(Supplied data Opens)
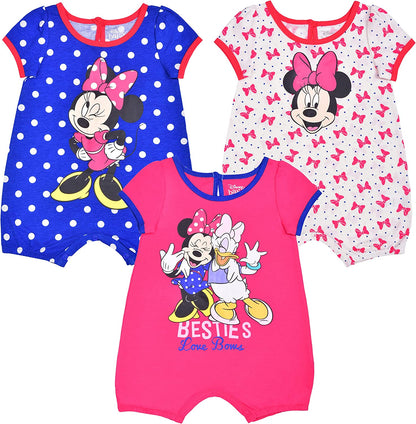 Disney Minnie Mouse Girls’ 3 Pack Rompers for Newborn and Infants – Pink/Blue/White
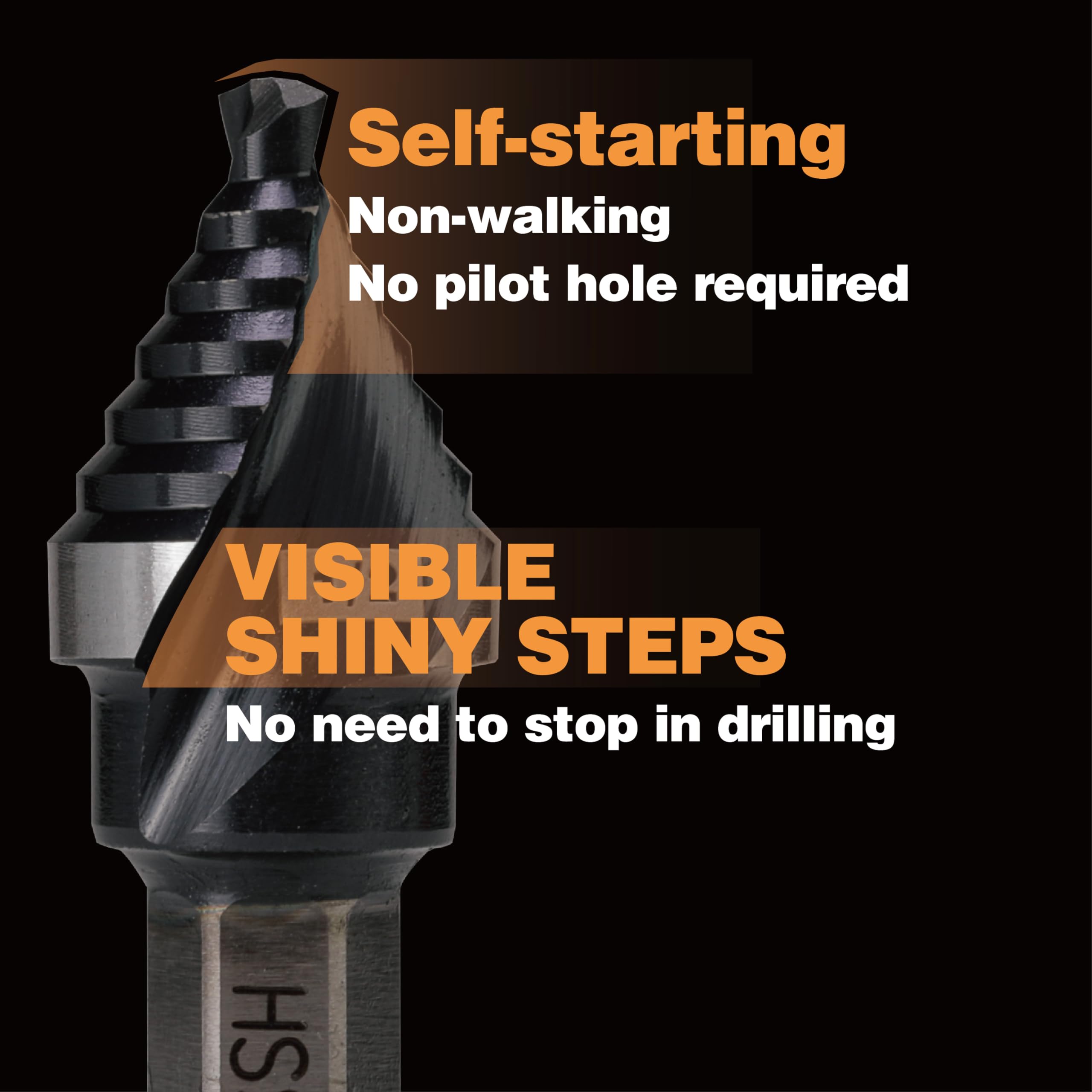Step Drill Bit 1/2" M35 - Fast Hole Drilling -4 Step Drill Bit 1/2" M35 - Fast Hole Drilling -4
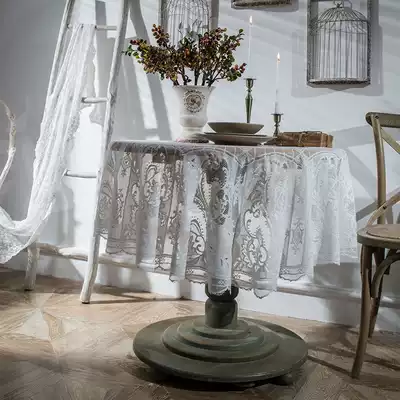 Pastoral French tablecloth white lace large size ins Net red picnic cloth gourmet photography homestay floral pose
(Supplied data Closes)
Work required:
Return the data word for word without its pictures.

Answer box:
 Disney Minnie Mouse Girls’ 3 Pack Rompers for Newborn and Infants – Pink/Blue/White
Step Drill Bit 1/2" M35 - Fast Hole Drilling -4 Step Drill Bit 1/2" M35 - Fast Hole Drilling -4
 Pastoral French tablecloth white lace large size ins Net red picnic cloth gourmet photography homestay floral pose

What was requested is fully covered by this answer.